I don't recommend freezing as the texture will alter once thawed.
Frequently Asked Questions
Full-fat brick cream cheese will result in best flavor and texture. Do not get whipped or cream cheese spread that is sold in a tub or container. You will end up with a runny frosting.
The best way is to take it out of the refrigerator an hour prior. But if you forget, you can microwave. Be sure to remove the packaging, place on a plate, and heat for 15-20 seconds only, flipping halfway through.
Did you make this recipe? Leave a rating below and let me know how you liked the recipe!
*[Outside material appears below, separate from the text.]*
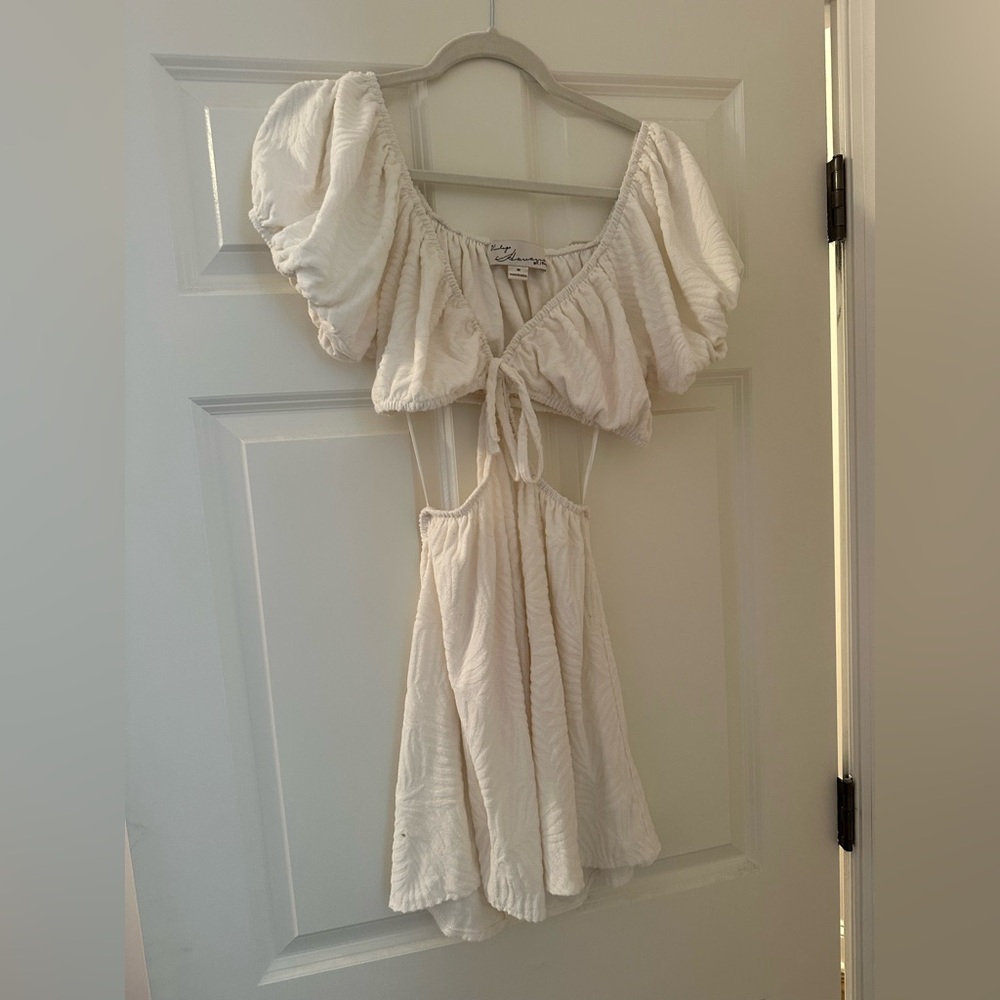 Vintage Havana White Backless Dress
Your feedback means so much to me!
Healthy Cream Cheese Frosting
- 8 ounce cream cheese, softened at room temperature
- ⅓ cup plain Greek yogurt (75g)
- 2-4 tablespoons Maple syrup, see note
- 1 teaspoon pure vanilla extract
- 1 teaspoon freshly squeezed lemon juice
- Add softened cream cheese and the rest of the ingredients to a large mixing bowl and whip using a hand-held electric mixer or stand mixer at medium speed, scraping down the sides as you go.
- Continue whisking until the frosting turns smooth and fully combined.Spread using a knife, piping bag, or a plastic bag with a corner cut off.
- I've provided a range for the maple syrup amount so you can decide how sweet you want the frosting to be. Start with 2 tablespoons and add more to taste.
- Transfer to an airtight container and keep in the refrigerator for up to 3 days.